Friday, September 11, 2020


Thursday is usually fish day in this household. No special reason, just habit. Which doesn't rule out fish in some form any other day of the week. But yesterday it was salmon baked in the oven with a lemon-pepper sauce and served with oven-baked potato chips. The new crop yellow potatoes are the ones we most favour, they make perfect chips. I always cut the potatoes into chip form, then let them soak an hour or so in cold water before draining them for the oven, covered lightly with a thin film of olive oil. I have the chips plain on my plate, my husband uses malt vinegar and catsup often, but lately he's asked for poutine.


So poutine it was, yesterday. Mozzarella cheese cut in slender blocks to sprinkle over the hot chips and over that the gravy I concocted with oil, flour, beef soup powder, water and pepper. His job is to stir it to a paste until it thickens. I had earlier baked a fruit crisp with four sliced peaches and a half-pint of raspberries, topped by a flour/butter/brown sugar/cinnamon crumble. It was still slightly warm when I served it for dessert.


Hot weather meals are no longer appropriate. Yesterday was a cool, windy and overcast day. A fresh vegetable salad preceded the main course; our concession to the kind of healthy fare appropriate in any weather conditions. We had put the gas fire on in mid-afternoon to help warm up the house. Usually when it's sunny out, the rays of the sun stream through the large windows of the house warming everything up. That's been missing for days, so warmer meals hit the spot, as it were.

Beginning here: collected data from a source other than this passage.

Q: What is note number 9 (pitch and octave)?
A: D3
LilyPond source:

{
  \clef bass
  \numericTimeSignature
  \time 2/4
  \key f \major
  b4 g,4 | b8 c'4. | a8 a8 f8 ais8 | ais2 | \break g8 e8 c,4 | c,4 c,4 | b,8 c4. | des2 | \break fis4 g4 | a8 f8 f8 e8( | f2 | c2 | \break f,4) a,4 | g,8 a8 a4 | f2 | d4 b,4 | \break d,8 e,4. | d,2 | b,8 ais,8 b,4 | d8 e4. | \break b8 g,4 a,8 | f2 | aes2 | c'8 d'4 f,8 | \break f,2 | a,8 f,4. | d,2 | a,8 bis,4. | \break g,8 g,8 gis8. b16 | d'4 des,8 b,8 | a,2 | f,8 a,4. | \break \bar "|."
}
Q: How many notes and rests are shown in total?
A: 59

But this morning dawned bright and sunny. The house lit up brilliantly like a wildfire was in progress. But with the clear blue sky was a drop in temperature to 7C, so it was cold. Cold enough for light jackets. And we tucked light gloves in our pockets just in case. Even Jackie and Jillie wore light little tee shirts when we went off into the ravine. 

Time of year and time of day conspired toward eye-blinding brightness, hot sunrays streaming through the forest canopy. The ground underfoot remained steeped in rainwater, but enough wind and exposure to sun will relieve some of that, though not all, given the temperature. It's an odd thing that when it's so bright out, much less of the forest landscape reveals itself, as compared to overcast conditions when a kind of twilight reigns in the forest and yet even so, everything you view in the landscape is clearly revealed.

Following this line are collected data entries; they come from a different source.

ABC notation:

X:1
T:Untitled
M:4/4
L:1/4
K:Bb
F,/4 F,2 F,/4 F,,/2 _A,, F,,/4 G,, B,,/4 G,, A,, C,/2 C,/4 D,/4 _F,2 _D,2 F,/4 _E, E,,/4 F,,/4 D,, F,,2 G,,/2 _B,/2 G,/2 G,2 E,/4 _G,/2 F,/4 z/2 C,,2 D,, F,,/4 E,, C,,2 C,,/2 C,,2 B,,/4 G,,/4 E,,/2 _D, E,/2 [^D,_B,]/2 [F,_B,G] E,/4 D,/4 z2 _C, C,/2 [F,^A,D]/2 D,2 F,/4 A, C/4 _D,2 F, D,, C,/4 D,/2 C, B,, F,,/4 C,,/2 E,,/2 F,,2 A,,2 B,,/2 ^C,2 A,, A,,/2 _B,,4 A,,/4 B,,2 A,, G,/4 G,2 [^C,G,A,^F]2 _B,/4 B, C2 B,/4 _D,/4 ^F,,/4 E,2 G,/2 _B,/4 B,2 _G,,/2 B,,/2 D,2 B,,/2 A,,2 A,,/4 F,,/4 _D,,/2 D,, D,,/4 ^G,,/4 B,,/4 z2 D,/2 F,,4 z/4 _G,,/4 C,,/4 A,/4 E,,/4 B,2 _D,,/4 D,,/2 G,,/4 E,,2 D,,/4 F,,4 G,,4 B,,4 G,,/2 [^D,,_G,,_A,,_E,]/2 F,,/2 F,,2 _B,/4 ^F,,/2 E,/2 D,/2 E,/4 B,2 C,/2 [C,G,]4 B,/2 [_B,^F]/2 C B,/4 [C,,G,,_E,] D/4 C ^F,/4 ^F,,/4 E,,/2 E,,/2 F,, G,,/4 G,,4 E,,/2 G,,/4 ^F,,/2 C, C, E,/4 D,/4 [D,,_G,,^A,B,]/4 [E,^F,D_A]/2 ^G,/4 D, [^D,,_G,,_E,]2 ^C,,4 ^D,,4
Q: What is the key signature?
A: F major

Unlike yesterday in the light drizzle and heavy overcast when no one else was about, this early morning there were other people we've been long acquainted with out with their dogs, enjoying the chill brightness of the day. When Jillie sees one of her favourite people ahead she struggles to reach him, twisting about in excited little circles until we reach her target. She never forgets anyone who fusses over her and rubs her obligingly, ears and back. 


A little boy walking with his grandparents and their two dogs always makes an effort to play with our two puppies; it's their size that seems to intrigue him, but neither of them are cuddly dogs; Jackie will shy away from contact, and Jillie is only slightly better in most circumstances. Yet this sweet little boy never gives up; every time we see him, he crouches to their level and does his best to interest them in his presence. So we obliged by giving him the chunks of apple to dole out to them, and to his own disinterested dog, small rollover biscuits that suddenly enlivened the atmosphere.


Back home, after breakfast our two little fellows collapsed on the sofa, nestling in the warmth of the sun streaming through the windows, ready to rest after a strenuous hike in the woods, the excitement of seeing friends, the hard work involved in snuffling up their breakfast, and the call of fatigue.

They slept through all the excitement in the kitchen, my punching up a bread dough to be refrigerated until later use, and putting a chicken soup on to simmer until dinnertime, then baking coconut-raspberry cupcakes for dinnertime dessert. That will be their dinner too, since the chicken used in the soup will become their evening meal for the following several days.